◆ **Instructions for the task**
If an entry holds a picture, leave the picture out and copy the rest exactly.

[Short text fragments from websites]
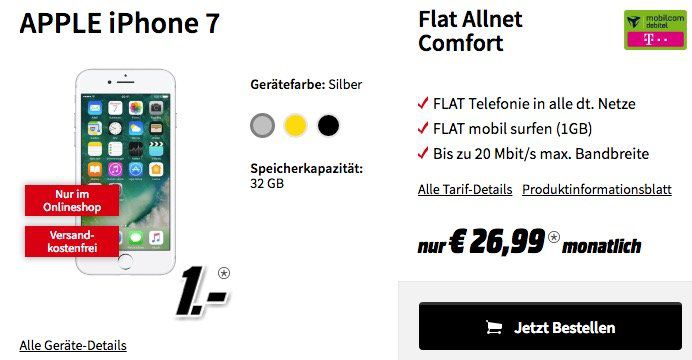 iPhone 7 für 1€ + Telekom Allnet Flat mit 1GB für 26,99€ mtl.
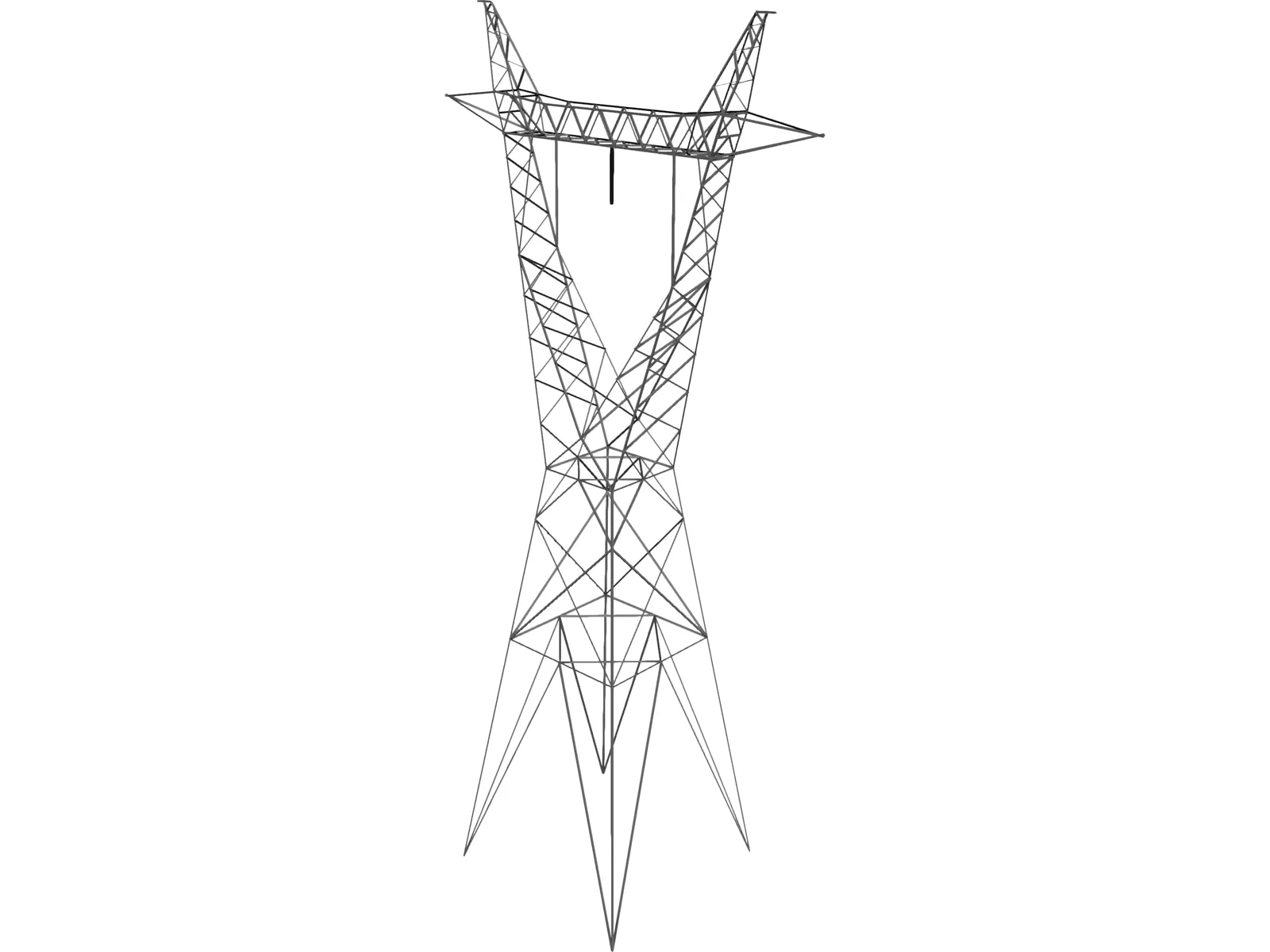 Transmission Tower 735kV 3D Model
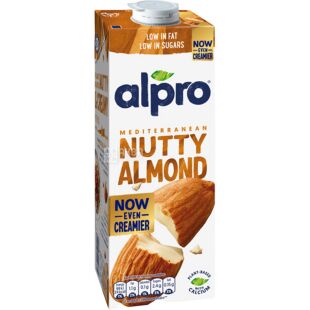 Alpro Nutty Almond, 1 л, Алпро, Мигдальне молоко, оригінальне, низькокалорійне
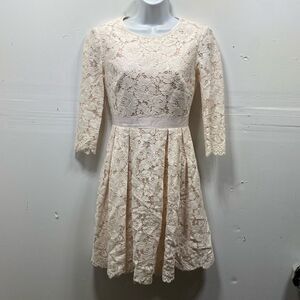 Ted Baker London Pink Pleated Fit and Flare Dress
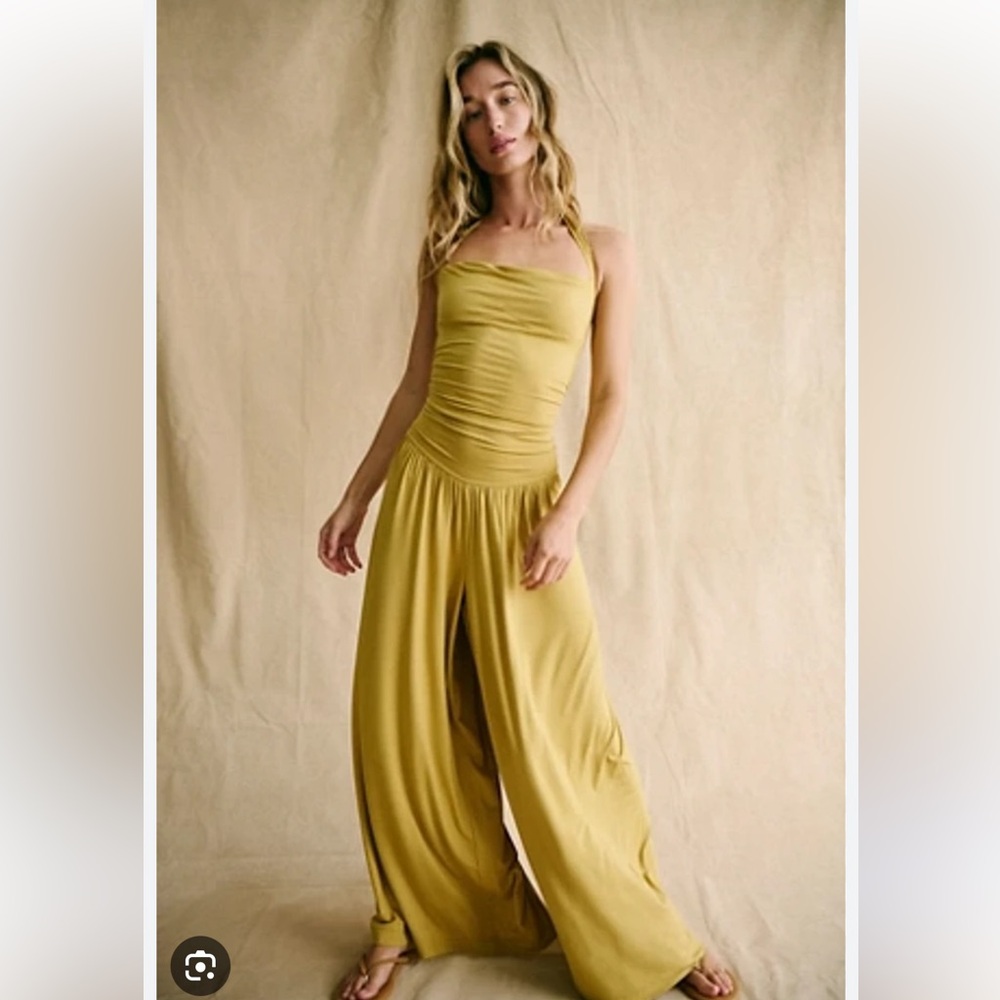 Free People Clara One-Piece Wide Leg Dropped Waist Fitted Jumpsuit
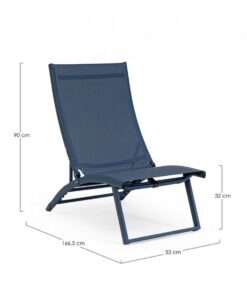 Meghan Loungestoel blauw 4 standen verstelbaar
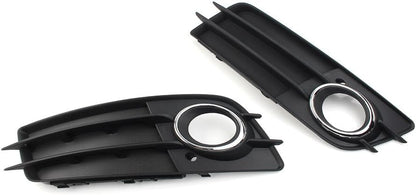 ya 9 10.24 Front Bumper Fog Light Grille Cover W/Chrome Ring for Audi A4 B8 S4 2008-12 cl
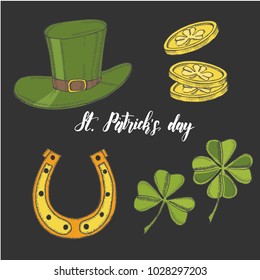 Hand drawn vintage set for St Patrick's day. St. Patrick's hat, horseshoe, four-leaf clover and gold coins on black. Lettering. Engraving illustrations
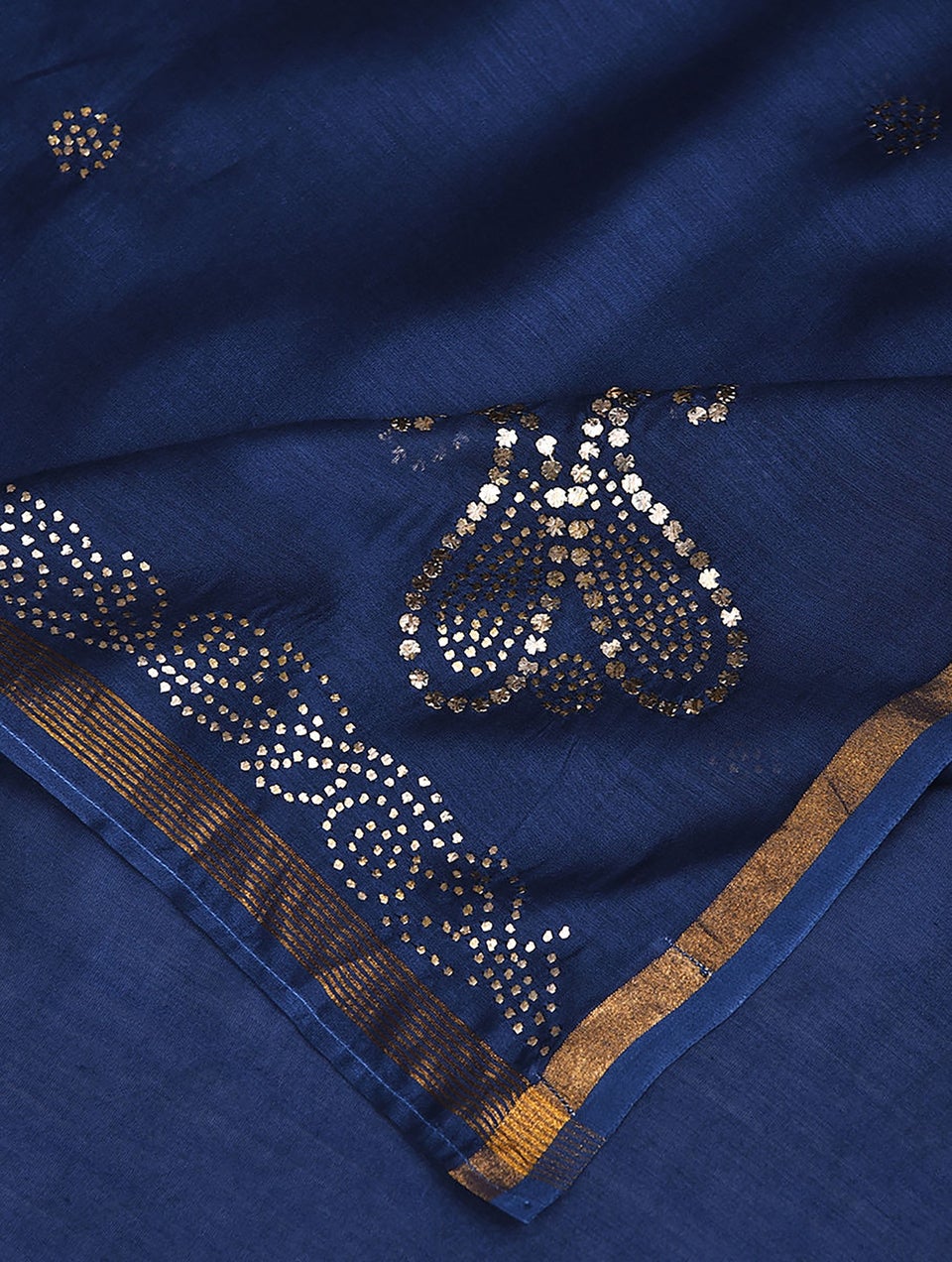 Women Blue Kamdani Silk Cotton Stole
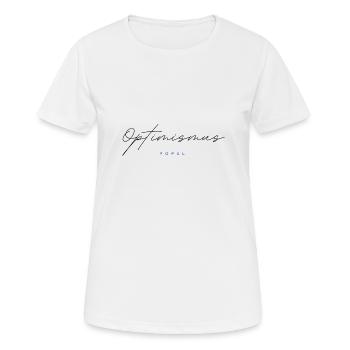 Optimismus Inspirierende Wörter, Trendige T-Shirts - Frauen T-Shirt atmungsaktiv - Weiß - Vorne - AI Model Female 172 dark (172cm)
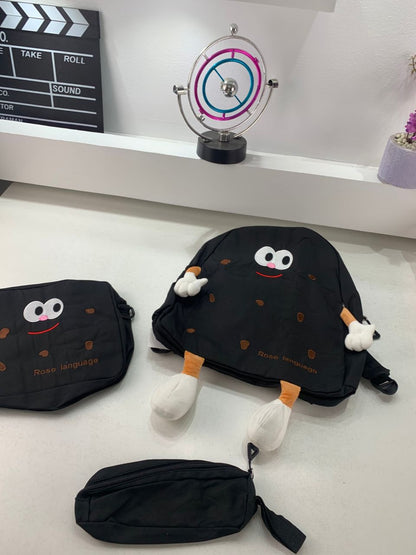 Ensemble de sacs d’école Kawai pour adolescents 3Pcs Language  – محفظة 3 قطع كاواي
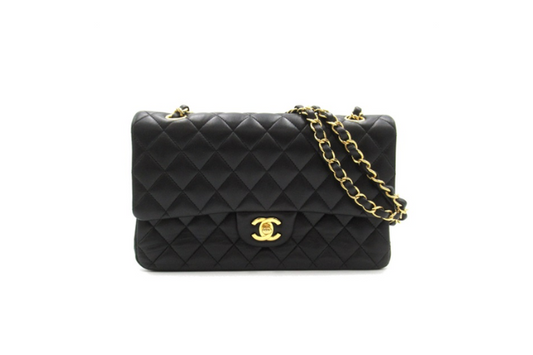 Chanel Lamb 25 Double Flap Black Gold Hard Ware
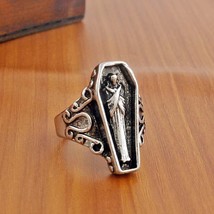 Vintage Vampire  Rings For Men Women Personality Male Punk Rock Rap Ring Accesso - £7.22 GBP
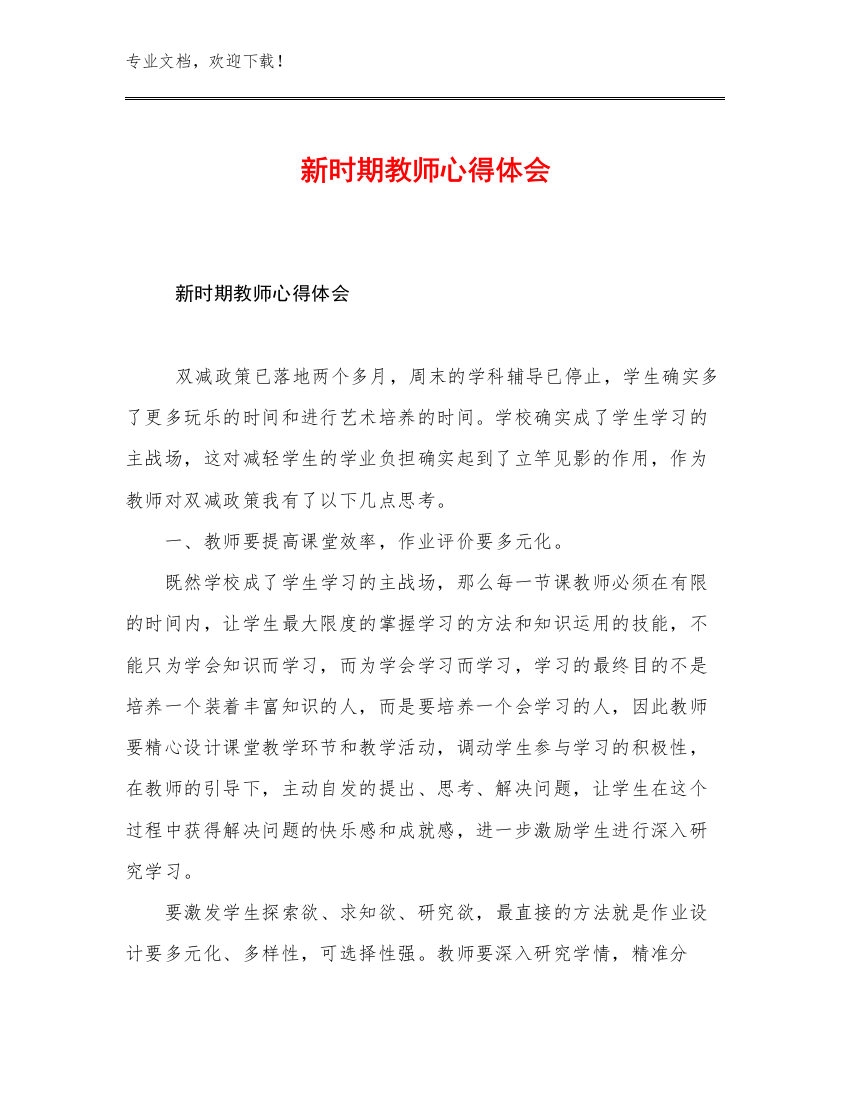 2023新时期教师心得体会范文12篇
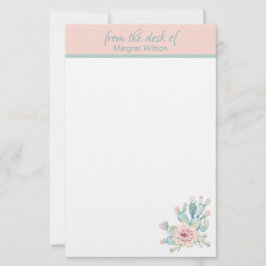 Pastel Cactus Personal Briefpapier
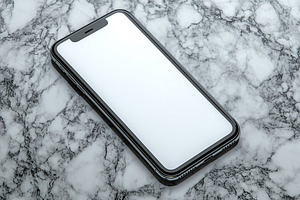 Blank white screen of smartphone resting on marble surface in modern interior s, a Technology Photo by AlyaAnd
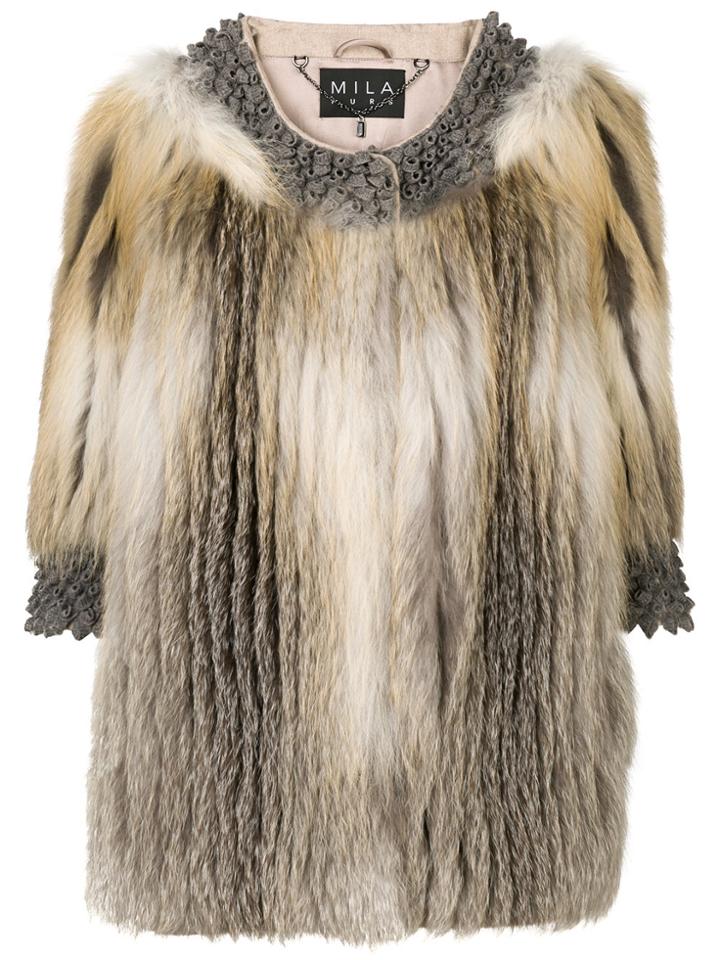 Cara Mila Roxanne Fur Coat - Nude & Neutrals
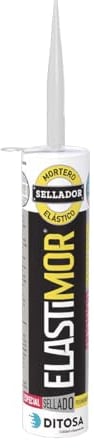 ELASTIMOR Mortero Sellador, Cemento Express, Impermeable, para encintados, llagueados, sellados, rejunteados, reparaciones, Tubo 310 ml x1 GRIS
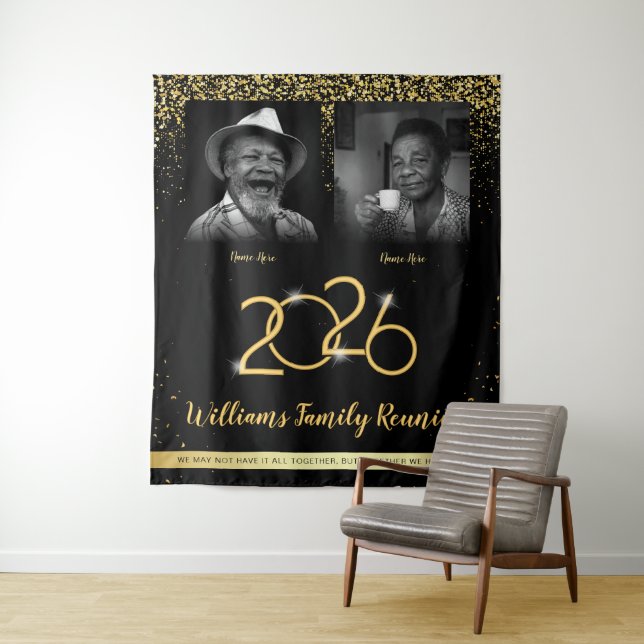 Custom Family Reunion Banner, 2 Photo Black Gold Tapestry (In Situ)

◆ **Finished exercise**
 iPhone 7 für 1€ + Telekom Allnet Flat mit 1GB für 26,99€ mtl.
 Transmission Tower 735kV 3D Model
 Alpro Nutty Almond, 1 л, Алпро, Мигдальне молоко, оригінальне, низькокалорійне
 Ted Baker London Pink Pleated Fit and Flare Dress
 Free People Clara One-Piece Wide Leg Dropped Waist Fitted Jumpsuit
 Meghan Loungestoel blauw 4 standen verstelbaar
 ya 9 10.24 Front Bumper Fog Light Grille Cover W/Chrome Ring for Audi A4 B8 S4 2008-12 cl
 Hand drawn vintage set for St Patrick's day. St. Patrick's hat, horseshoe, four-leaf clover and gold coins on black. Lettering. Engraving illustrations
 Women Blue Kamdani Silk Cotton Stole
 Optimismus Inspirierende Wörter, Trendige T-Shirts - Frauen T-Shirt atmungsaktiv - Weiß - Vorne - AI Model Female 172 dark (172cm)
 Ensemble de sacs d’école Kawai pour adolescents 3Pcs Language  – محفظة 3 قطع كاواي
 Chanel Lamb 25 Double Flap Black Gold Hard Ware
 Vintage Vampire  Rings For Men Women Personality Male Punk Rock Rap Ring Accesso - £7.22 GBP
 2023新时期教师心得体会范文12篇
 Pastel Cactus Personal Briefpapier
 Blank white screen of smartphone resting on marble surface in modern interior s, a Technology Photo by AlyaAnd
 Cara Mila Roxanne Fur Coat - Nude & Neutrals
 ELASTIMOR Mortero Sellador, Cemento Express, Impermeable, para encintados, llagueados, sellados, rejunteados, reparaciones, Tubo 310 ml x1 GRIS
 Custom Family Reunion Banner, 2 Photo Black Gold Tapestry (In Situ)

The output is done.